(Requirement) Copy exactly the lines of the material below that fall between the line with "Pearl White Ford" and the line with "Espátula Clássica em", both of those lines included; pictures stay out.

(Material provided)

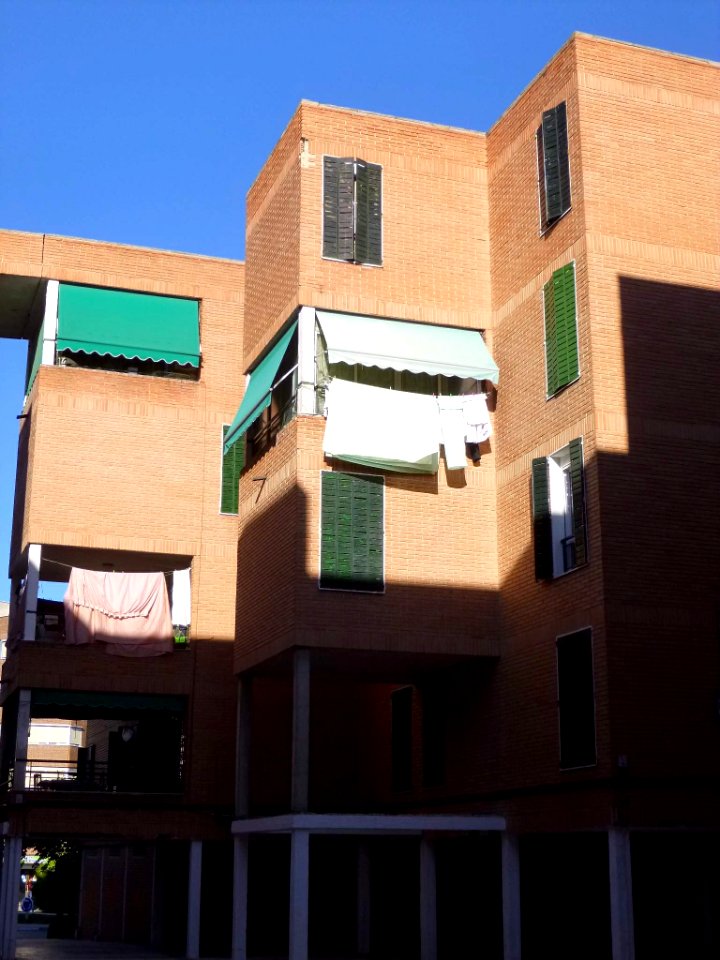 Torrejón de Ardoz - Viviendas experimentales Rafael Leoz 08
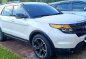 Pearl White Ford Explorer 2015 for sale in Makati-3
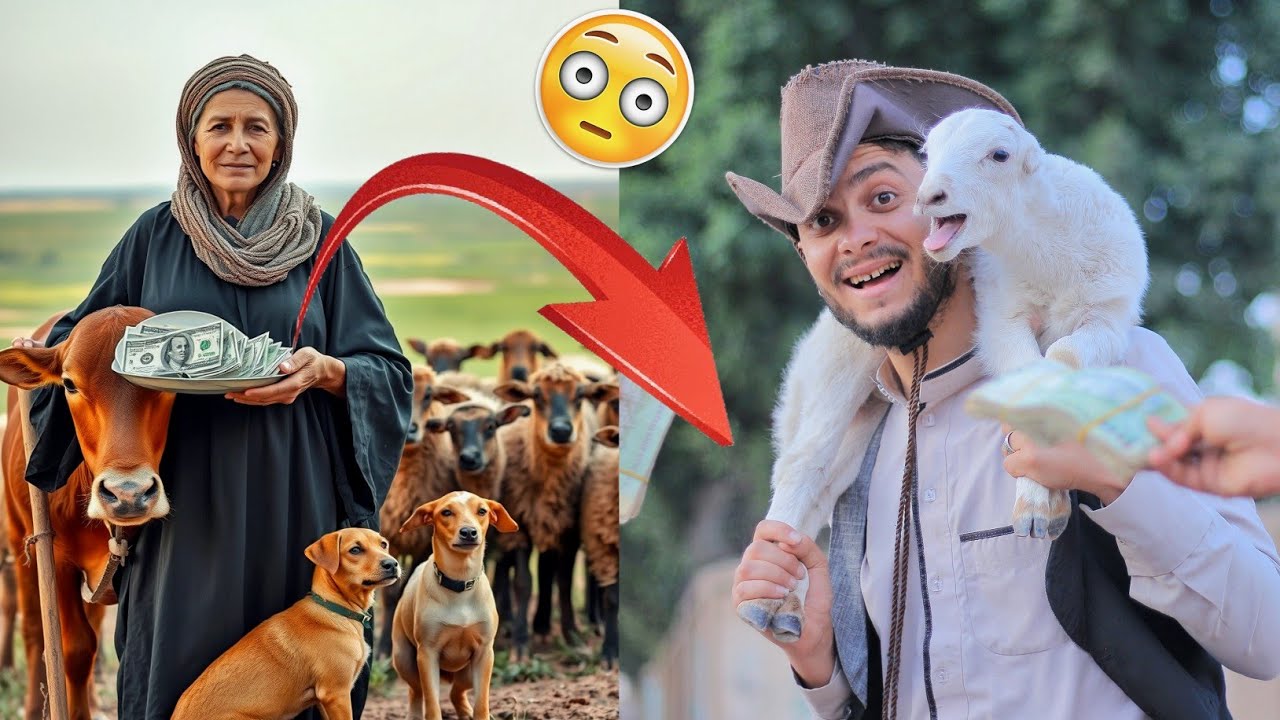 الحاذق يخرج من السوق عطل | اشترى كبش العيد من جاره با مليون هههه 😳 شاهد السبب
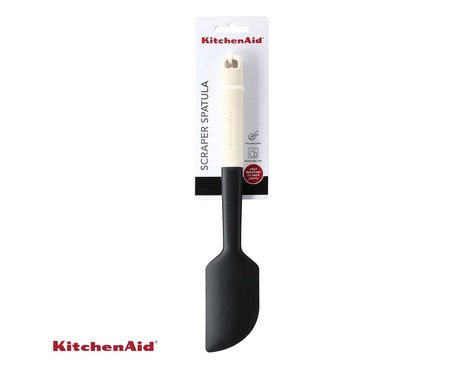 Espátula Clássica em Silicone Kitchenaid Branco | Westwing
* * *
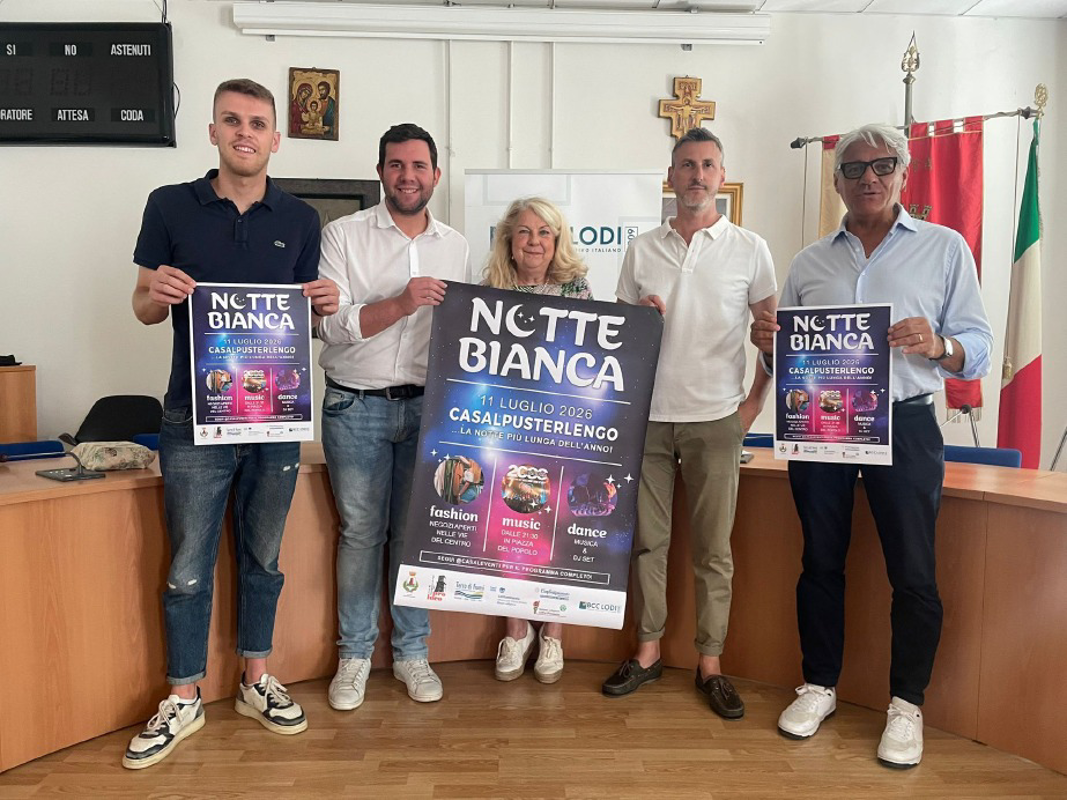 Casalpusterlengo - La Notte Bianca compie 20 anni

(Result below)
 Pearl White Ford Explorer 2015 for sale in Makati-3
 الحاذق يخرج من السوق عطل | اشترى كبش العيد من جاره با مليون هههه 😳 شاهد السبب
 Espátula Clássica em Silicone Kitchenaid Branco | Westwing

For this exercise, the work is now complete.